All the time, I drew on the advice and expertise from exceptional Scots in our diplomatic service, serving from Afghanistan to Zimbabwe.

Together we built up our overseas network, one of the best in the world, so that it is even better equipped to promote the whole of the UK – without distinction.

There are almost 2,000 Scottish firms that can testify to the help that they received from UK Trade & Investment last year: from winning oil and gas contracts in Brazil to meeting buyers at Milan Fashion Week.

And 13,500 Scots are in work this year because of inward investment from overseas, with three-quarters of these projects won with UKTI help.

The value of our diplomatic network shows when any of our people run into trouble abroad. No one plans for a holiday to go wrong, but if it happens, then help is close by.

It’s not the case, as the nationalists would have you believe, that a Yes vote means no change to the consular help for people in Scotland.

An independent Scotland would have to support its own citizens. But there are no plans to match our network of 14,000 diplomats in 267 locations; our trade network of 169 offices, including nine in the USA; and our 800 consular advisers.

The nationalists plan a cut-price diplomatic service with a third of the embassies and a fifth of the staff. Scots in trouble overseas would then find the help is spread much more thinly.

Being part of the United Kingdom enables us to do more as a country. This is not just about how we see ourselves, it is about how the world sees us. Around the globe other people see the United Kingdom as something special, something precious.

They look with envy upon the stability of our country, the strength of our democracy, the richness of our culture and traditions, the breadth of our global role, and the extent of our diplomatic influence.

They prize their relationship with the United Kingdom, and in many cases reminisce about the role that the Scots, Welsh, English and Northern Irish made to the development of their nations.

From introducing football to building railways; fighting slavery and surveying mountains; and promoting education and democracy, underpinned by the rule of law, our forebears left their mark all over the world. These countries are waking up to the prospect that our Union could be rent apart. And universally, you will hear the question: Why?

Our enemies – those who spread terror in the world, who attack our citizens and despise our common values – would be satisfied if this happened. Our friends and allies are dismayed. They know the United Kingdom is a force for good; a valued partner; a stable friend.

We help those in need as one of the few nations that meets its target for development aid; saving lives in emergencies, enabling girls to get a good education, and using our Armed Forces and security services to support our allies abroad and to keep our families safe at home.

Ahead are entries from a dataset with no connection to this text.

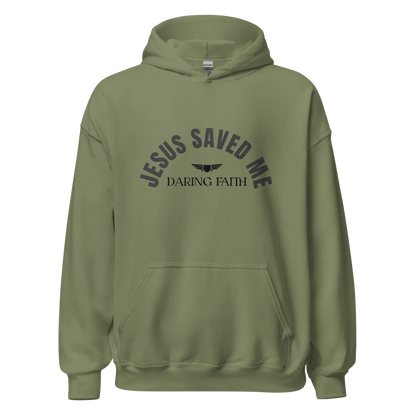 Unisex Premium Blend Hoodie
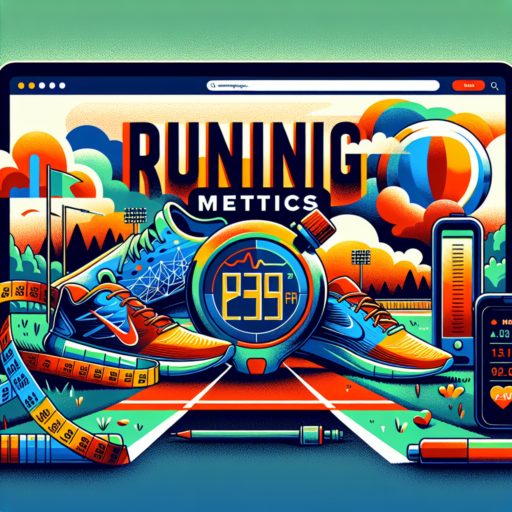 running metrics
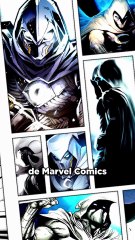 La NOTE des POUVOIRS de MOON KNIGHT !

In a world that is becoming less stable, less safe we should be working together, not tearing ourselves apart.

Take Gaza, where the Scottish Government donated £500,000. It added to the £30m given by the UK government, and backed up by our actions to halt the fighting in the UN Security Council.

Or the preventing sexual violence in conflict campaign, where the UK is leading the way in seeking an end to rape as a weapon of war, stirring the conscience of the world as well as the actions of governments.

There is every sign the world is becoming systemically more dangerous. There are storms brewing in the Middle East and beyond that will buffet the UK.

We are facing far greater economic competition, a direct challenge to the prosperity of our future generations, and global threats from cyber attack and organised crime to terrorism.

Thinking forward to 20 years from now it will be even more important for the people of Scotland to benefit from the protection of one of the largest and most capable Armed Forces in the world and the best diplomats and intelligence agencies in the world.

We will need every ounce of ingenuity and strength that we can muster together.

It is absolutely not the time to break up our United Kingdom.

• William Hague is the Richmond MP and Leader of the House of Commons. This is an edited version of a speech delivered in Glasgow.